Author Topic: SPECvirt Database/Appserver Validation  (Read 1820 times)

aakel

  • Newbie
  • *
  • Posts: 17
  • Karma: +3/-0
SPECvirt Database/Appserver Validation
« on: October 27, 2016, 11:17:48 AM »
I continue to receive messages as part of the benchmark summary that my runs are failing validation:
Aggregate Audit for Shared Database
Database 1 Errors:
PO Transaction validation FAILED
POLine Transaction validation: WARNING: New POLine DB Count ~ Delivery Servlet Tx Count > 10%

I've gone through a number of iterations in optimizing both the underlying database (and its VM) and the Appserver JVM (and its VM).  Are there any tricks for optimizing for this particular validation failure?  Looking through the code, this looks like one process on each Appserver that executes PO Transactions that just isn't able to keep up with the number of deliveries?  Any thoughts as to how I could improve this?

Things I've tried:
* This is running on a fairly fast storage layer (a set of software-RAID NVMe drives), though it's not using storage-based SR-IOV.
* The DB VM data should basically fit in memory (~30GB allocated, which is much higher than the minimum).
* Increased the Appserver JVM memory footprint like many of the most-recent submissions.

Thanks.

lroderic

  • Moderator
  • Full Member
  • *****
  • Posts: 152
  • Karma: +6/-0
Re: SPECvirt Database/Appserver Validation
« Reply #1 on: October 30, 2016, 03:15:16 PM »
You don't need SR-IOV to pass validation.

Are you using SAN or NFS for the DB store? How many spindles are in the DB store LUN or mount point? Are you tracking any VM stats using top or iostat? How many tiles are you running? If more than one, which tile is failing validation? Do you use 10 GbE for the network? Are you using a private network for traffic between the DB and appserver?

AnoopGupta

  • Moderator
  • Jr. Member
  • *****
  • Posts: 60
  • Karma: +0/-0
Re: SPECvirt Database/Appserver Validation
« Reply #2 on: October 31, 2016, 12:26:06 PM »
I am suspecting that the emulator server has some issue. Are these working?
http://specemulator:8080/Emulator/EmulatorServlet?cmd=switchlog
http://specdelivery:8000/Supplier/DeliveryServlet?cmd=switchlog

Check emulator server log and application server log for any exceptions.

aakel

  • Newbie
  • *
  • Posts: 17
  • Karma: +3/-0
Re: SPECvirt Database/Appserver Validation
« Reply #3 on: November 06, 2016, 02:31:56 AM »
I believe that I've fixed the issue above by tuning the database (or the error is transient enough that it appears fixed).
In case it helps with the later questions:
Quote
Are you using SAN or NFS for the DB store?  How many spindles are in the DB store LUN or mount point?
Not in this setup.  I'm using local storage on the VM host (3x 3.2TB NVMe SSDs >>1.5GB/s performance each in a RAID5 configuration).

Quote
Are you tracking any VM stats using top or iostat?
Not for the moment.

Quote
How many tiles are you running?
8 total tiles with 2 DB VMs.  I've validated that each set of tiles is communicating with their appropriate DB VMs.

Quote
Do you use 10 GbE for the network?
Yes.  A single 10GbE card for the VM host and a single 10GbE card for the client VM host.

Quote
Are you using a private network for traffic between the DB and appserver?
Yes.  All of the internal traffic (basically ever line drawn on the illustrated tile diagram in the instructions) traverses an internal network.

Quote
I am suspecting that the emulator server has some issue.

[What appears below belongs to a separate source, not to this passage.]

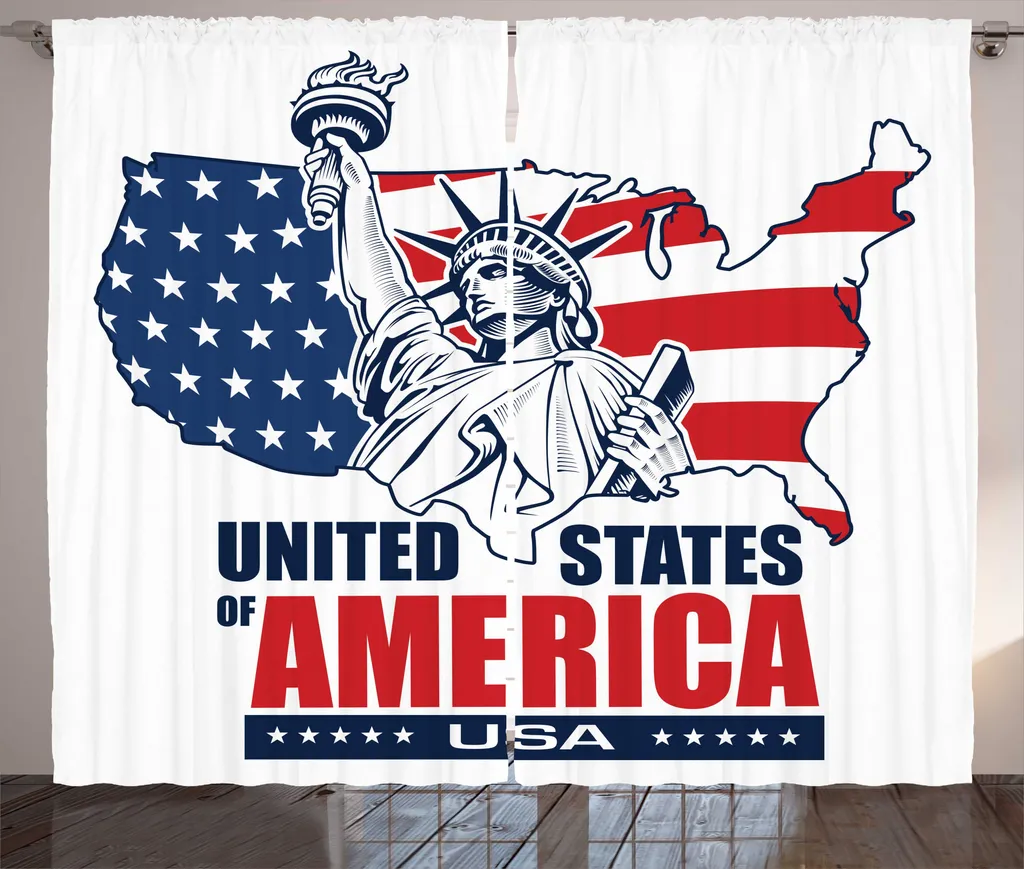 Rideau Anti-Regards Liberty NYC USA pour Grandes Fenêtres - 280x225 cm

Are these working?
http://specemulator:8080/Emulator/EmulatorServlet?cmd=switchlog
http://specdelivery:8000/Supplier/DeliveryServlet?cmd=switchlog
Both of these work.

Another couple questions:
1. I'm running tests that include anywhere between 4-8 tiles.  When I look through the Atomicity.html files generated, I'm seeing intermittent failures (some tiles fail test one, others three).  Is this expected?  Could something be misconfigured in my database setup?  I'm using Postgres 9.2 (and I've tested 9.5, which shows the same results).  I've tried debugging with the jApp-testappserver.sh script, and I see the same results when I run the script from multiple tiles at a time.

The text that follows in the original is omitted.